Si la démarche est très contraignante, elle s'avère aussi source de performance, témoignent les deux pionniers. Clairement, elle engendre un effet d'image positif auprès de différents publics. « Cela crée une vrai différence dans l'esprit des clients et des collaborateurs, et suscite l'adhésion », estime Charles Kloboukoff, qui mesure cette empathie dans l'augmentation des candidatures spontanées reçues par l'entreprise et la fidélité des clients.

A la Camif, les salariés sont fiers de participer à un projet qui contribue, par exemple, à « soutenir des emplois en France et préserver des savoir-faire », estime Emery Jacquillat. De plus, « cela représente un levier pour attirer de nouveaux clients, qui sont alignés sur les valeurs que nous prônons », ajoute-t-il. Pour lui, si en 2020, l’entreprise a connu une forte croissance, c'est en partie lié « au passage à l'acte des consommateurs vers une consommation plus locale, plus responsable. La Camif apparaît comme la marque la plus engagée dans son secteur ». Au total, « il existe une corrélation claire entre performance économique et impact sur les enjeux environnementaux et sociaux », juge Emery Jacquillat.

Dans sa démarche, la Camif est accompagnée, depuis sept ans, de Citizen Capital, fonds d'investissement spécialisé dans les entreprises à impact. « La Camif avait du mal à trouver des investisseurs, qui bloquaient sur le fait que le centre de relation clients était basé à Niort. Les investisseurs estimaient qu'il fallait délocaliser. Pour nous, l'entreprise était en train de construire une marque à valeur stratégique forte », relate Laurence Méhaignerie, co-fondatrice de Citizen Capital. Depuis 12 ans, ce dernier investit dans des entreprises qui cherchent à générer un impact social ou environnemental associé à un rendement financier.

Un « cadre structurant »

En matière d'actionnariat, il est important de choisir « des personnes qui ne restent pas concentrées sur l'Ebitda à trois mois, mais regardent sur le long terme », souligne Emery Jacquillat. Pour lui, c'est l'un des avantages qu'apporte le dispositif de la loi Pacte : une relation claire avec les actionnaires. Et ce n'est pas le seul. Le statut d'entreprise à mission a permis « d'inscrire le projet de la Camif sur le temps long et de le sécuriser », ajoute-t-il. Plus largement, Charles Kloboukoff , qui avait créé une « communauté » des entreprises à mission dès 2018, estime que la loi offre un « cadre structurant » aux dirigeants désireux de s'engager, mais qui ne savent pas nécessairement comment s'y prendre. Pour lui, le risque que les entreprises surfent sur cette vague uniquement pour des effets d'annonce est limité : celles qui seraient tentées de le faire seraient immédiatement repérées par leurs collaborateurs, à même de mesurer l'éventuel écart entre un discours et des actes.
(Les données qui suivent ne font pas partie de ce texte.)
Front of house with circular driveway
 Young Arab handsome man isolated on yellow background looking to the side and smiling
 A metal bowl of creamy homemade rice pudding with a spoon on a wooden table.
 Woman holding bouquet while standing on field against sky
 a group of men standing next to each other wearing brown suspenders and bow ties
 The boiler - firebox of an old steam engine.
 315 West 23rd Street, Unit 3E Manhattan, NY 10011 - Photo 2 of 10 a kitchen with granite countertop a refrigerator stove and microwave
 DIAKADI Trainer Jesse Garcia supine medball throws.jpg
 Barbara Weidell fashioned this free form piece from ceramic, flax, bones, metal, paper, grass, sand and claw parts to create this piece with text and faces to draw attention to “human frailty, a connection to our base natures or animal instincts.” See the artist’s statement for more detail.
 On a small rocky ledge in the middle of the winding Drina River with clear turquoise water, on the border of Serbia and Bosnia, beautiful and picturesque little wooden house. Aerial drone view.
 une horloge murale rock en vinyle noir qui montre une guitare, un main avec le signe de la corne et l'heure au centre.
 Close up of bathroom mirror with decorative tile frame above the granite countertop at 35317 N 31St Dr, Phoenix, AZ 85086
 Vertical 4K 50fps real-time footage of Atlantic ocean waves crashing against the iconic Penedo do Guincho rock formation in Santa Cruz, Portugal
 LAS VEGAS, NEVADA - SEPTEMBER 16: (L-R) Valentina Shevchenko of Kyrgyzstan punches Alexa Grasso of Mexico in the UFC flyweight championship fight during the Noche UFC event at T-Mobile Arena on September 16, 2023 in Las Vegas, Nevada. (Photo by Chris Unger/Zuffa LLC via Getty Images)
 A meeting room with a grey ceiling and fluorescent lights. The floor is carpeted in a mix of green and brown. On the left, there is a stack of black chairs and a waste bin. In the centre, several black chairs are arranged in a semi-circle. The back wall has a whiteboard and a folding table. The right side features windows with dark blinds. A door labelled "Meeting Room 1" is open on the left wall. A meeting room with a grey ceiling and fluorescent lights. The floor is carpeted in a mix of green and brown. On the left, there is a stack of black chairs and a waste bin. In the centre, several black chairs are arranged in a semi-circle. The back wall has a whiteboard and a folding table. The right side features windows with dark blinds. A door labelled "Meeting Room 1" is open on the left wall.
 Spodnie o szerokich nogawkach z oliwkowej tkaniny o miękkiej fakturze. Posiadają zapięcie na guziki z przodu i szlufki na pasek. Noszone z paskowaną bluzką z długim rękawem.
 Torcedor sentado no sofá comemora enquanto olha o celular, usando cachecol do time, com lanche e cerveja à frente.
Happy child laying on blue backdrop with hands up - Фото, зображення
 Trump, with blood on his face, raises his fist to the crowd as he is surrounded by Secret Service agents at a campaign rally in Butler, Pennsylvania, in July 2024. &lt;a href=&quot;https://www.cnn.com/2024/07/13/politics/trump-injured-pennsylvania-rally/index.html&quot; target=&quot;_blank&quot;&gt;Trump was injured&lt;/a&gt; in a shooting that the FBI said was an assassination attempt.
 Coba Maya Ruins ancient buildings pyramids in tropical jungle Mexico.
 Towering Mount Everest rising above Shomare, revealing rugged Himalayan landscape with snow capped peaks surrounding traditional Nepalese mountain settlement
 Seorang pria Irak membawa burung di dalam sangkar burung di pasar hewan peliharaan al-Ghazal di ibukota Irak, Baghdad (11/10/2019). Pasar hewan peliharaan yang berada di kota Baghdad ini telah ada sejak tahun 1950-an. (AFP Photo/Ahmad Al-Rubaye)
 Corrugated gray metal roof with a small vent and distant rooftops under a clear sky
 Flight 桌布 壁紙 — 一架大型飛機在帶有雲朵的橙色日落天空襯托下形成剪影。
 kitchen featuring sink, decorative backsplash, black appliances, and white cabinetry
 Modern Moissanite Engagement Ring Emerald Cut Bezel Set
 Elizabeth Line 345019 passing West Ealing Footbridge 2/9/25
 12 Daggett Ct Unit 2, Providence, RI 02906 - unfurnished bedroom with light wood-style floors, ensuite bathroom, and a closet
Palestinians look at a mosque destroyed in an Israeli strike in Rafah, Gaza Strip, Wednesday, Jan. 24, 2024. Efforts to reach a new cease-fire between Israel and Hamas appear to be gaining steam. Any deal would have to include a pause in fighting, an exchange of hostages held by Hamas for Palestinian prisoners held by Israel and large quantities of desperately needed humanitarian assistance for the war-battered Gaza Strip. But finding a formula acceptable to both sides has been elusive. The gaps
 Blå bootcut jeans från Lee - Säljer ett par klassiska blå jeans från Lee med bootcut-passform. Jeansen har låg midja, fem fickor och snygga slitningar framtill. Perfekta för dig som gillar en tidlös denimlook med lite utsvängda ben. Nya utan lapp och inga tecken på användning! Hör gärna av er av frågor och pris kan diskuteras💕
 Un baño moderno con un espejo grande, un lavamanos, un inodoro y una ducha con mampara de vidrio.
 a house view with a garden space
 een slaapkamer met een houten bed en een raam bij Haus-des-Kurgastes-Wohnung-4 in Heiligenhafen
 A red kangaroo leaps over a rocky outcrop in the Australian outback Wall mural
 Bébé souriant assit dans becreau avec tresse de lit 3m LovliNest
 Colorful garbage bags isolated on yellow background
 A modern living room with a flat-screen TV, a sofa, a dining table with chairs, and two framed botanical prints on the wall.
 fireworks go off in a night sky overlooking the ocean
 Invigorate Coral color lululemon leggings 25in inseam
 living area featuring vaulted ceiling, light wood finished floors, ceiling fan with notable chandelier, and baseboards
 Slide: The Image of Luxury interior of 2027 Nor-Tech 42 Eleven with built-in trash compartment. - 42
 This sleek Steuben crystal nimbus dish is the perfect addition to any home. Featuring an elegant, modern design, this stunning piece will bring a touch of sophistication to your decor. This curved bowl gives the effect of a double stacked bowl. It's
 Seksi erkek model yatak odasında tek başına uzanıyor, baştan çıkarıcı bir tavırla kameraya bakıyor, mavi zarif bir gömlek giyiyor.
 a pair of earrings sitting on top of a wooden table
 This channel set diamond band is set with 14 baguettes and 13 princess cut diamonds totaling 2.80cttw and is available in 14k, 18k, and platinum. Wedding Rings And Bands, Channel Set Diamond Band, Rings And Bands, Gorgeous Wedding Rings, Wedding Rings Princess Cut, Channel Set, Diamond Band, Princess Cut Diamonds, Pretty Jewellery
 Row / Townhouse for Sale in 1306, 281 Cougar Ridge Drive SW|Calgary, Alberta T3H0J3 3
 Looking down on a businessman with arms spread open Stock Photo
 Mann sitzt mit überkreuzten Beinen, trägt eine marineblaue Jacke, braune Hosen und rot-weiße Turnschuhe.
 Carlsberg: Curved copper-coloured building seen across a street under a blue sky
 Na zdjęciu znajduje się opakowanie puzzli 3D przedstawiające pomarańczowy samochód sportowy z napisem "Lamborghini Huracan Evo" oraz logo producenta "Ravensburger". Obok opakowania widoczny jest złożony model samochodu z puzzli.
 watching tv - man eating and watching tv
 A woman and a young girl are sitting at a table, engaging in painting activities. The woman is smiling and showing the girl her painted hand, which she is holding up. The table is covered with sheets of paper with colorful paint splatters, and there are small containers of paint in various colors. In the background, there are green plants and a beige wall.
D'après l'Observatoire des sociétés à mission, 88 le sont devenues en 2020, et 10 000 entreprises pourraient faire évoluer leurs statuts, d’ici 2025. Pour l'instant, les deux tiers d'entre elles sont des TPE et des PME de moins de 50 salariés. Près de 80% agissent dans le domaine des services. Leur répartition géographique est très inégale : l’île-de-France en concentre à elle seule 62%, suivie par l’Auvergne-Rhône Alpes, l’Occitanie et les Hauts-de-France. Et ces entreprises sont plutôt jeunes : plus de la moitié d’entre elles ont été créées, il y a moins de 10 ans. Et une sur cinq est «née à mission ».